## [PROBLEM TO WORK ON]
Only the text of the records belongs in the answer, copied exactly and without pictures.

Stored items:
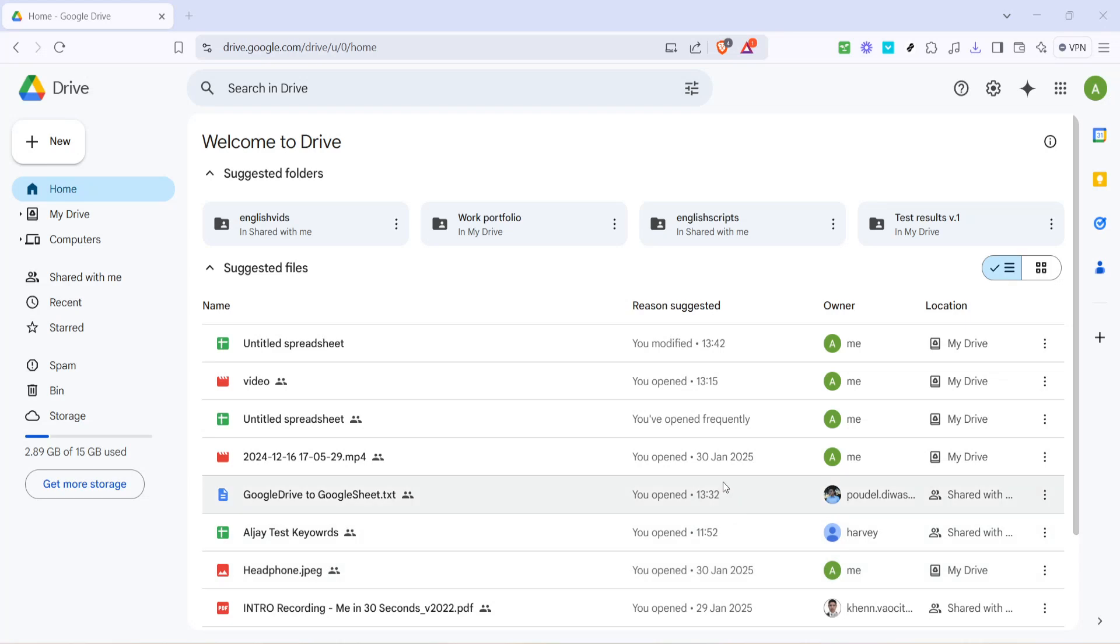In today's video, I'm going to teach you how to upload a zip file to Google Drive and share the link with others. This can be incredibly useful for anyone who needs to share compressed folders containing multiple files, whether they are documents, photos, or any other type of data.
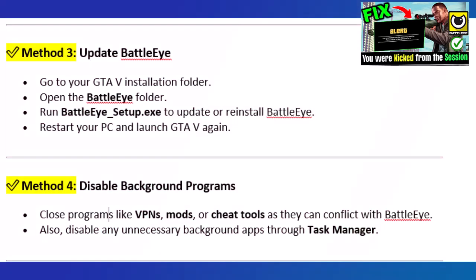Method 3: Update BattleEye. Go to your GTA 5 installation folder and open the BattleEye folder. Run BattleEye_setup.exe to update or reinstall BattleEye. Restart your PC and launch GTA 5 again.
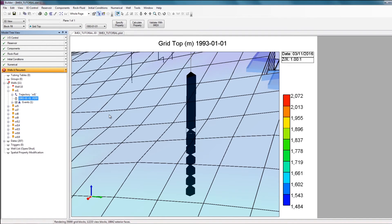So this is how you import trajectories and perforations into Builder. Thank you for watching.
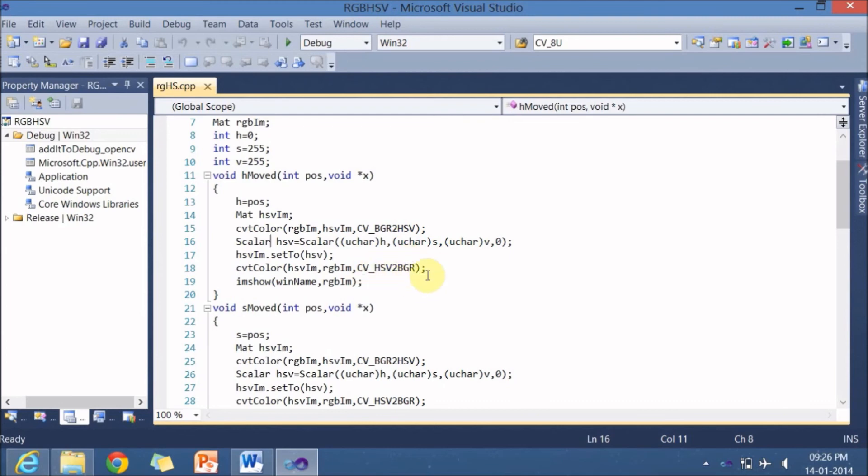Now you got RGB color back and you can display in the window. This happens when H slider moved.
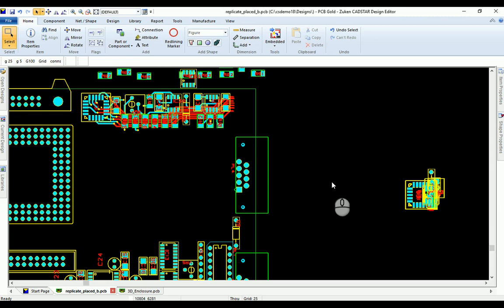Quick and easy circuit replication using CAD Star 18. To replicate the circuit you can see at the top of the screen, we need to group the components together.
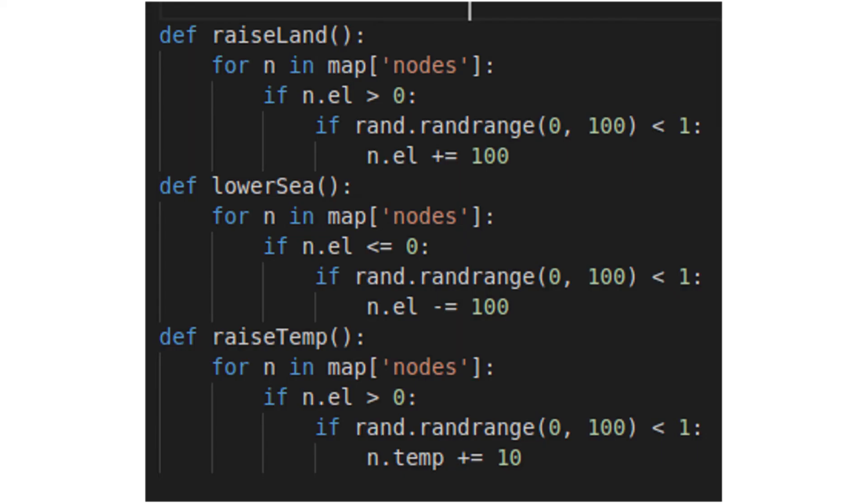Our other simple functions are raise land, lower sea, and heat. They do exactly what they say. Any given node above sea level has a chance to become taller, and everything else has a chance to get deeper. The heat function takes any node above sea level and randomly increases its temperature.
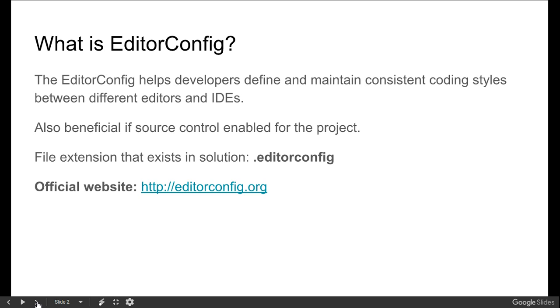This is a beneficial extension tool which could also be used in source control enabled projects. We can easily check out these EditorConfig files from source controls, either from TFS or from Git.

## [FINISHED EXERCISE]
In today's video, I'm going to teach you how to upload a zip file to Google Drive and share the link with others. This can be incredibly useful for anyone who needs to share compressed folders containing multiple files, whether they are documents, photos, or any other type of data.
Method 3: Update BattleEye. Go to your GTA 5 installation folder and open the BattleEye folder. Run BattleEye_setup.exe to update or reinstall BattleEye. Restart your PC and launch GTA 5 again.
So this is how you import trajectories and perforations into Builder. Thank you for watching.
Now you got RGB color back and you can display in the window. This happens when H slider moved.
Quick and easy circuit replication using CAD Star 18. To replicate the circuit you can see at the top of the screen, we need to group the components together.
Our other simple functions are raise land, lower sea, and heat. They do exactly what they say. Any given node above sea level has a chance to become taller, and everything else has a chance to get deeper. The heat function takes any node above sea level and randomly increases its temperature.
This is a beneficial extension tool which could also be used in source control enabled projects. We can easily check out these EditorConfig files from source controls, either from TFS or from Git.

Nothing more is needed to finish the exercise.